The Discreet Charm of the Bourgeoisie (40th anniversary)
The Discreet Charm of the Bourgeoisie
(Luis Bunuel, 1972)
Rating: 4/5
Reviewed by Dave Lancaster
Summary: A rollicking patchwork of surrealism, Bunuel's 'The Discreet Charm of the Bourgeoisie' is still fresh 40 years on and now benefits from a wonderful remaster.
In 1962, Luis Bunuel created a surrealist masterpiece called 'The Exterminating Angel' which revolved around upper class dinner guests who find that they can't actually leave the party. 10 years later, Bunuel created a companion of sorts: 'The Discreet Charm of the Bourgeoisie' again follows the upper class and their dinner table adventures, but this time six members of the bourgeoisie keep on getting interrupted and don't actually get to have their meal.
That's pretty much it plotwise, but Bunuel knows how to contort stiff character types into wild men and create dreams and absurdity out of very little. The result is as delicious as it is pretentious.
The characters are split between two sectors: businessmen with political connections flanked by their loose wives and then members of the military and the police. The latter are treated as ghosts and firm men; the former are revealed as fakes and white collar criminals. The best character in the film doesn't fall into either camp: a bishop who gets off on gardening for the rich.

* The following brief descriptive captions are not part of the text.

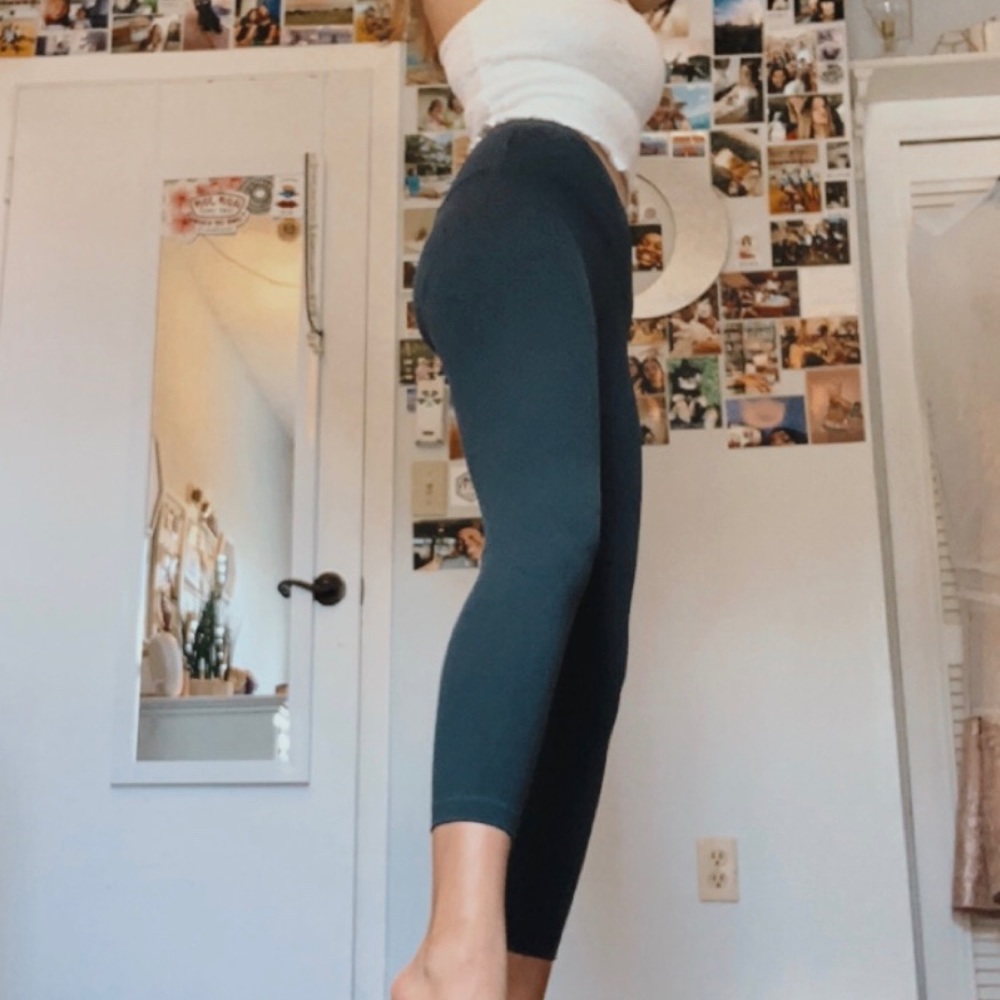 emerald green leggings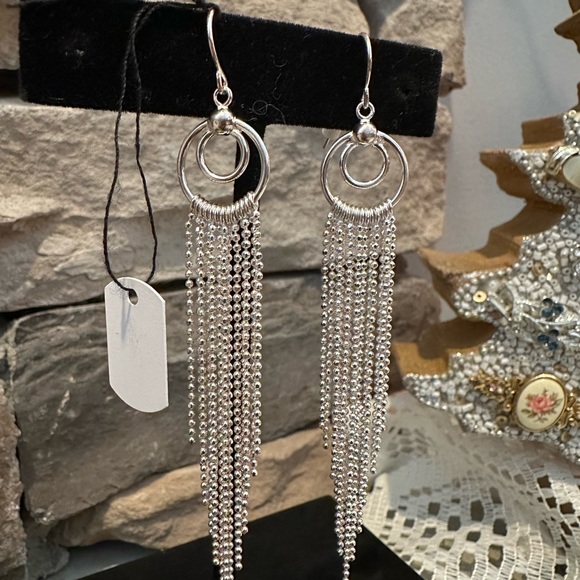 JCM Sterling silver chandelier earrings - Picture 7 of 8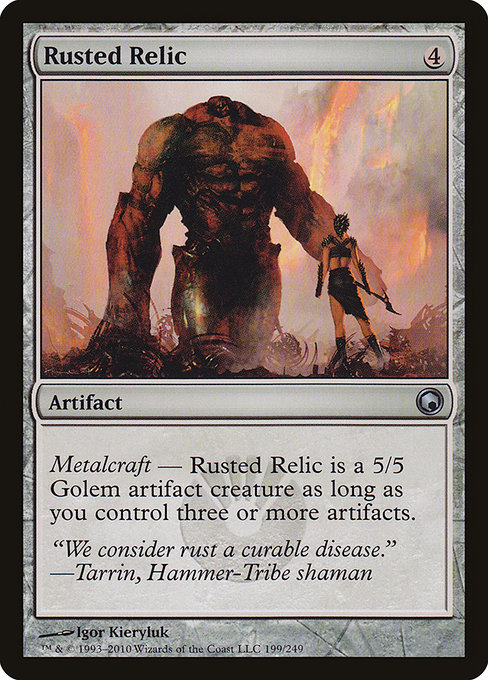 Rusted Relic - Scars of Mirrodin Uncommon Card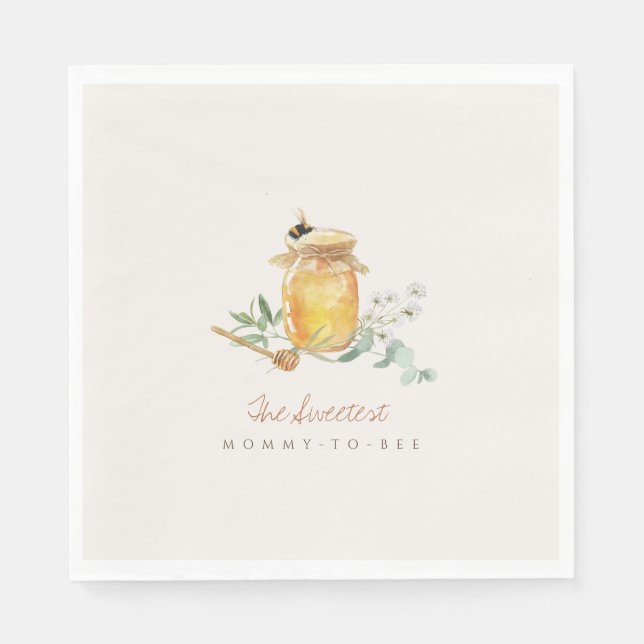 Servilleta De Papel Sweet Little Honey Baby Shower (Anverso)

Bunuel is playing with us. One notorious scene has the dinner guests sit down to a meal only for a red curtain behind them to open and reveal that they're on a stage. The chicken served is rubber, the whisky is cola and worse than all that, the guests don't know their lines. In the presence of an audience who see them as they are, the bourgeoisie crumble.
The 40th anniversary print has been remastered brilliantly, save for a few minor scenes. Try to catch it on the big screen for its June 29th cinematic re-release. If not, the Blu-ray hits shelves for the first time July 16th and features a critic's examination of the film as a bonus.